Budget Cuts & Prison Rehabilitation

Though the story from the Sacramento Bee decries the budget cuts for in-prison rehabilitation programs, the evidence—over a long period of time and based on strong evaluation research—indicates that in-prison programs do not work, and in one spectacular case in California, actually make the problem worse.

The costly failure by California’s Department of Corrections and Rehabilitation—$1 billion for all prisoner and parolee drug treatment programs since 1989, and $278 million of that for in-prison programs—was reported by the Office of the Inspector General (2007):

“According to the Department of Corrections and Rehabilitation, more than 36,000 of the state’s 172,500 inmates—21 percent of the adult prison population—are serving prison terms for drug offenses. An even higher percentage reportedly has underlying substance abuse problems. A recent University of California study estimated that 42 percent of California inmates have a “high need” for alcohol treatment and 56 percent have a high need for drug treatment. Recidivism rates for California inmates in general continue to be among the highest in the country.
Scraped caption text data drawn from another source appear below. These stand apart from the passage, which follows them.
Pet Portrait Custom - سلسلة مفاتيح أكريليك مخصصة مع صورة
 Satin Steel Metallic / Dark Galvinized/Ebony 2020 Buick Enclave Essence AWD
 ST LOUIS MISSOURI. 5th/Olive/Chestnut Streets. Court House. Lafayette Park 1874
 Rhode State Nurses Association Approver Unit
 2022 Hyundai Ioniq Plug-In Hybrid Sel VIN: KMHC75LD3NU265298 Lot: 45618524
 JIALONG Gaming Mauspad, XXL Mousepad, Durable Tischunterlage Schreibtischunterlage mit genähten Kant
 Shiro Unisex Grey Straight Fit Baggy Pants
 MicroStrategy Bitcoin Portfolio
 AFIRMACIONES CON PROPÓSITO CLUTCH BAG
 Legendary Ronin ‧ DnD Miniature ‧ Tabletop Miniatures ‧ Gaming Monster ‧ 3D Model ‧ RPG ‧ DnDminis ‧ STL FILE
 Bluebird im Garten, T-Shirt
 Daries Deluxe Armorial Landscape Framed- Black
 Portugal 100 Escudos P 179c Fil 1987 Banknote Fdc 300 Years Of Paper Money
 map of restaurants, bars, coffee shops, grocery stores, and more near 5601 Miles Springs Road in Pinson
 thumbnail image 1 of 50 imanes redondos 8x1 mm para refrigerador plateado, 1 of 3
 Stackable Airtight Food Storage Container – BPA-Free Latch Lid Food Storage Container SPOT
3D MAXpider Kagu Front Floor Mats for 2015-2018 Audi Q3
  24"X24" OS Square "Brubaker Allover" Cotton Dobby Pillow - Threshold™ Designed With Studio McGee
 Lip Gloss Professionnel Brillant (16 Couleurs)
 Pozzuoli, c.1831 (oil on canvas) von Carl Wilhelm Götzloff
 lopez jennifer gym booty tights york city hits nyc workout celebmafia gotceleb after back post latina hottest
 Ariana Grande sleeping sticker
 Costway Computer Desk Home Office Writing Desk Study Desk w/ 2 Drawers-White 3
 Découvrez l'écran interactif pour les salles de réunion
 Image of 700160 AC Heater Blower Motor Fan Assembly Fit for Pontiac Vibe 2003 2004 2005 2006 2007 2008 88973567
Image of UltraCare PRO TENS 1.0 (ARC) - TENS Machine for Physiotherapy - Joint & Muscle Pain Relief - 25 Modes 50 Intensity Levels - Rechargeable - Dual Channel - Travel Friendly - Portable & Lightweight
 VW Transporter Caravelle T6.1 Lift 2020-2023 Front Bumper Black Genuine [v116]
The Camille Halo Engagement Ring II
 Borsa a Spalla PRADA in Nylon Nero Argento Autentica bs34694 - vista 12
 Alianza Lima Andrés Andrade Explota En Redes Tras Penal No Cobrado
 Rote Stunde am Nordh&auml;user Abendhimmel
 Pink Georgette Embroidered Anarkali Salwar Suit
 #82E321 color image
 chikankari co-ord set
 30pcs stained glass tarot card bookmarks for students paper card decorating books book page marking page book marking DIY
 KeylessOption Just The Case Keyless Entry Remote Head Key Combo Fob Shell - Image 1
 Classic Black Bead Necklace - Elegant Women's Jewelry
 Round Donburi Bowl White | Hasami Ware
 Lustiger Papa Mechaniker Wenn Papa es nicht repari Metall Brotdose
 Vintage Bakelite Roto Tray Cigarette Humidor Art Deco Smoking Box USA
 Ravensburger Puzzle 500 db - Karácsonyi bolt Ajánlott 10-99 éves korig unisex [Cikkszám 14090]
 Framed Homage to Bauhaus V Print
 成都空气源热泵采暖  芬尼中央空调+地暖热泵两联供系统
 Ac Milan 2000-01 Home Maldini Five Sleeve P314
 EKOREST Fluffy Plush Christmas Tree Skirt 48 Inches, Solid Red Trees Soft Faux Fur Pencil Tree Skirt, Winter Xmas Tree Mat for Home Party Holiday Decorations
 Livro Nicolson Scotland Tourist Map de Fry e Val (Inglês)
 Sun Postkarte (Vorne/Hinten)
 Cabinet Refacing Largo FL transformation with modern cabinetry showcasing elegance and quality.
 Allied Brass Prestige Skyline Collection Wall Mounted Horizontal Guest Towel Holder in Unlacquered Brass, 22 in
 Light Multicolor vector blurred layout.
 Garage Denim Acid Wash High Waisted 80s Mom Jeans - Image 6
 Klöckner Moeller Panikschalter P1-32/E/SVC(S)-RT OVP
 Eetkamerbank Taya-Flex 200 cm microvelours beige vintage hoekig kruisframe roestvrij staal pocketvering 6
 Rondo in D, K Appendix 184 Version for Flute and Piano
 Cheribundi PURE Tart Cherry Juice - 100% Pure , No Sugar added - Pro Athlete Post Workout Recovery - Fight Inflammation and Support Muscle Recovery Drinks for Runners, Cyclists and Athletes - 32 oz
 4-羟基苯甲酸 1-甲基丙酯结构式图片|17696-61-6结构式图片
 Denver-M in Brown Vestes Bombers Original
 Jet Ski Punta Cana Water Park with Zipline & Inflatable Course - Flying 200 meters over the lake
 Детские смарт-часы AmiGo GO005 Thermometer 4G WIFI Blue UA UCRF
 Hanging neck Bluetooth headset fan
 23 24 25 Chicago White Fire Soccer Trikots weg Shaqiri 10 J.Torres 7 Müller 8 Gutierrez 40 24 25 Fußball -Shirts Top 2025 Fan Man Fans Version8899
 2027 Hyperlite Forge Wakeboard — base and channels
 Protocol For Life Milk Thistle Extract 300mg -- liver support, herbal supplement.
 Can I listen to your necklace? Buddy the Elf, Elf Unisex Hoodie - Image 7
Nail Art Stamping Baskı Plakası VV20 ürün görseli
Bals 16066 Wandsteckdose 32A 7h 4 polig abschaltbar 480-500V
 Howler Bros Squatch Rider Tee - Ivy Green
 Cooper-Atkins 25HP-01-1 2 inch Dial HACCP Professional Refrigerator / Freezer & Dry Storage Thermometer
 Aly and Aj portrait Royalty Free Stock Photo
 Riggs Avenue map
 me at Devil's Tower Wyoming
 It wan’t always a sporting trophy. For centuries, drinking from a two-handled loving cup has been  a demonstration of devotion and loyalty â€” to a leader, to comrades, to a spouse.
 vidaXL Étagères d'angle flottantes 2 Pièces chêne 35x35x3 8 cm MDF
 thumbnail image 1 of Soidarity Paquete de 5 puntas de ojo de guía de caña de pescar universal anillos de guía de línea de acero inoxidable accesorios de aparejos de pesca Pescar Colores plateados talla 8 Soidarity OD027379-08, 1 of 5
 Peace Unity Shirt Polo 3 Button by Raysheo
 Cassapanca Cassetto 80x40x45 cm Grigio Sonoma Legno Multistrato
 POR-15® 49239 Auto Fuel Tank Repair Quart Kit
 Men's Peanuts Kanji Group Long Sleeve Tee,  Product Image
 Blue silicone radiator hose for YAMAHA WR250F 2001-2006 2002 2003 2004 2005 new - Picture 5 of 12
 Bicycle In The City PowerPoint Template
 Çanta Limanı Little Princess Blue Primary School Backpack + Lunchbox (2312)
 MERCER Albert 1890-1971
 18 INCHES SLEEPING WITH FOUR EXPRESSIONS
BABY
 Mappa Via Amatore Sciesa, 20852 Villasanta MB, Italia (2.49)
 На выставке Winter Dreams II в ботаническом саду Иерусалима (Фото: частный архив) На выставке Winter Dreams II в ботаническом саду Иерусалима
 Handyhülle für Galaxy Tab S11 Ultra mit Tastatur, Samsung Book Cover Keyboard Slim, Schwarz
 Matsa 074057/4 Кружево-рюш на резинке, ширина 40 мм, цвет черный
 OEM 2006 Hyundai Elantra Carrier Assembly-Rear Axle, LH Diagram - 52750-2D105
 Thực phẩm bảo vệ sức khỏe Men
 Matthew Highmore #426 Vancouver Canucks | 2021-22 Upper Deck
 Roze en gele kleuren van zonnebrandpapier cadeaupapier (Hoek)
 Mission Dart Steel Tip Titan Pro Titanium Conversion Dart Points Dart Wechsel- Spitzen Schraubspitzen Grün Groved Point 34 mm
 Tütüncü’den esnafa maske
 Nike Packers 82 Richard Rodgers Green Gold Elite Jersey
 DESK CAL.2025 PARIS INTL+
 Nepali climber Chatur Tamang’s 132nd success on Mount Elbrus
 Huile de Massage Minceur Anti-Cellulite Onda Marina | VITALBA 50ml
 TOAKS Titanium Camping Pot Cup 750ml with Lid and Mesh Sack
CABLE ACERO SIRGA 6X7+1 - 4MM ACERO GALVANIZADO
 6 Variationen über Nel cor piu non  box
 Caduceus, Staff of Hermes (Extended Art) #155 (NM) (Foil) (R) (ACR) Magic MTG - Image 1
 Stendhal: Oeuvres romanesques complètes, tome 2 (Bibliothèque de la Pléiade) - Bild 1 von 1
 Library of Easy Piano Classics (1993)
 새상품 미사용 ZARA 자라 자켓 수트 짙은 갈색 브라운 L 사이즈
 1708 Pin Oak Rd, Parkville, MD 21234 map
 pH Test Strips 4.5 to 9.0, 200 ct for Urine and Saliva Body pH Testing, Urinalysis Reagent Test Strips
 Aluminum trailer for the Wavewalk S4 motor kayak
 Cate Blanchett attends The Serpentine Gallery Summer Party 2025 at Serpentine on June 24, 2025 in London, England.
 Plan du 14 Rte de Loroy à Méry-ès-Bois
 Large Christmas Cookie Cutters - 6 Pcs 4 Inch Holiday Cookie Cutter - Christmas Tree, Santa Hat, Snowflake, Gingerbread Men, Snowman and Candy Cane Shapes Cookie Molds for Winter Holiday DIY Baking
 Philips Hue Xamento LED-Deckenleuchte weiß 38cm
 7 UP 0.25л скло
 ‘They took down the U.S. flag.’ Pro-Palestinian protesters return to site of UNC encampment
"In a 50-page special review released Wednesday, the Office of the Inspector General reported that numerous university studies of the state’s in-prison substance abuse programs conducted over the past nine years consistently show no difference in recidivism rates between inmates who participated in the programs and those who received no substance abuse treatment. One five-year University of California, Los Angeles, study of the state’s two largest in-prison programs found, in fact, that the 12-month recidivism rates for inmates who received in-prison treatment was slightly higher than that of a control group." (Office of the Inspector General, Sacramento, California, February 21, 2007 Press Release “The states substance abuse treatment program for inmates do not reduce recidivism, yet cost the state $143 million per year” , pp. 1-2 italicized in original)

An excerpt from the Bee article.

“California prison officials began touting a new public safety reform in January that would encourage inmates to complete a rehabilitation course and earn six weeks per year off a sentence.

“Inside Folsom State Prison, though, inmates and instructors leading such courses are skeptical it will work.

“In reality, they say, budget cuts approved by legislators last year, needed to cope with an unprecedented fiscal crisis, are devastating programs that are the basis for the new credit and for helping inmates stay straight once free.

“The Department of Corrections and Rehabilitation is slashing $250 million – almost 45 percent – of the $560 million it was to spend on rehabilitation this fiscal year.

“That means a 30 percent trim in high school equivalency and other literacy and vocational courses – 800 out of 1,500 instructors have been let go – and a 40 percent cut in substance-abuse programs.

"I just hope someone up there has a brain and can see what the impact of this will be," said Folsom State Prison school Principal Jean Bracy.

"You cannot take people and throw them in a cage," she said, "and expect them to be OK when they get out without rehabilitation."